July 29, 2012
Pentecost VIII (click to see readings)
Fr. Philip Eberhart (click the title below to hear the audio of the sermon)
Got home last night from Heavenfest at about 12:30, so if I appear a little toasty around the edges this morning, its because I am!
Last night, after all the bands, we had a prayer time based on our adoption as children of God and on the call that God gives all of His children to participate in His government… “in His Kingdom come, and His will be done, on earth as it is in heaven”
This morning’s readings all point to one thing – the nature of God as the loving supply for all of His creation! Actually more than just our supply, but the God of super-abundance, even in the face of lack!
Is there anyone else here that this speaks to?
Just listen again to some of what we just heard:
“They shall eat and have some left!”
“The Lord is faithful in all His Words and merciful in all His Deeds!
The Lord upholds all those who fall; He lifts up those who are bowed down.
The eyes of all wait upon You, O Lord, and You give them their food in due season.
You open wide Your hand and satisfy the needs of every living creature.
The Lord is righteous in all His ways, and loving in all His works.
The Lord is near to those who call upon Him, to all who call upon Him faithfully!”
“I pray that you may have the power to comprehend, with all the saints, what is
The breadth and length and height and depth, and to know the love of Christ
That surpasses knowledge, so that you may be filled with all the fullness of God!”
Now to Him who by the power at work within us is able to accomplish abundantly
Far more than all we can ask or imagine, to Him be glory in the church and in
Christ Jesus to all generations, forever and ever. Amen.”
And from our gospel, Jesus asks His disciples, actually to Philip (hmmmmmm?)
“Where are we to by bread for these people to eat?
Philip answered, “Six months wages would not buy enough bread for each of them to get a little.”
Peter said, “There is a boy here who has five barley loaves and two fish. But what are they among so many people?”
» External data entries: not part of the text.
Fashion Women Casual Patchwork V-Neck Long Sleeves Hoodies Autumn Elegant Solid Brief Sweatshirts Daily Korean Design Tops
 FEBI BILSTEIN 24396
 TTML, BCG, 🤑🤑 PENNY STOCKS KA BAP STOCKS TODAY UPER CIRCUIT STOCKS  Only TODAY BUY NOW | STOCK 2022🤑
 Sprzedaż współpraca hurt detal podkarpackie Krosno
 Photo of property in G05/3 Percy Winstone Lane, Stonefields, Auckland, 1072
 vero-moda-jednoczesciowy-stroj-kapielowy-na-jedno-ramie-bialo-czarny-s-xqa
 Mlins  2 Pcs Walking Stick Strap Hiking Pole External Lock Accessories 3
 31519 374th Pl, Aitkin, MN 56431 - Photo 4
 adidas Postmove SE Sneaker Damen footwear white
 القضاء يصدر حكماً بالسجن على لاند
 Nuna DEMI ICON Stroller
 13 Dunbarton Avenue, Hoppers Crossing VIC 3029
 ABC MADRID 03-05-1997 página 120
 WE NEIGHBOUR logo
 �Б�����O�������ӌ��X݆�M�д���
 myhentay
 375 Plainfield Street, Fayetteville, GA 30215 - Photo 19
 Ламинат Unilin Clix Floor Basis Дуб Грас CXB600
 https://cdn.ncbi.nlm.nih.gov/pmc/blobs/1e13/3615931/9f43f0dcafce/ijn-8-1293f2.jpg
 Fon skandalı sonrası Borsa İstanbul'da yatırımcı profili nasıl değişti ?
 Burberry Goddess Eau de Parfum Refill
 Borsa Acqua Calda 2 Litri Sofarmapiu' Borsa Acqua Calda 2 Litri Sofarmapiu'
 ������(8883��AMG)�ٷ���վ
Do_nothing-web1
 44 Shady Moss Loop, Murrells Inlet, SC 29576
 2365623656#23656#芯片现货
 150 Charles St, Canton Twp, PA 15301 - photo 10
Tucked away in the midst of this conversation that Jesus is having with the disciples is a little line we only see here in this telling of the story of the feeding of the 5000:
“Jesus asked this to test him, for Jesus already knew what He was going to do!”
In another of the stories that is told in the gospels about this moment, we hear Jesus telling Philip, “You give them something to eat!” Just the command; there was no plan, no offer of help or power or supernaturally abundant supply. None of that was in view in Philip’s mind. His was the calculation:
Let’s see if each one got a fish sandwich. That’s about 2 bucks per … and there are around 5000 families, - that’s about 15,000 hungry mouths – let’s see – that’s $30K for lunch! I only make $60K in a year.
“Lord, six months wages would not buy enough for each one to have even a little!”
And I think that Peter’s offering of the school boy’s lunch (not his own) was just pure observation, not faith!
Once again the disciples are found deficient and fail the faith test. As we so often do as well.
We are all so prone – let me say I here – I am so prone to look at the head count and do the calculations, until I’m convinced of the IM-possibility of the situation. Then I am stuck between a rock and a hard place, just like the disciples that Jesus was testing that day.
Why do you suppose that Jesus used this situation to test them? Because He was about to ask them to do something SO MUCH BIGGER than feeding a few thousand with fish and bread – this time would actually pale by comparison.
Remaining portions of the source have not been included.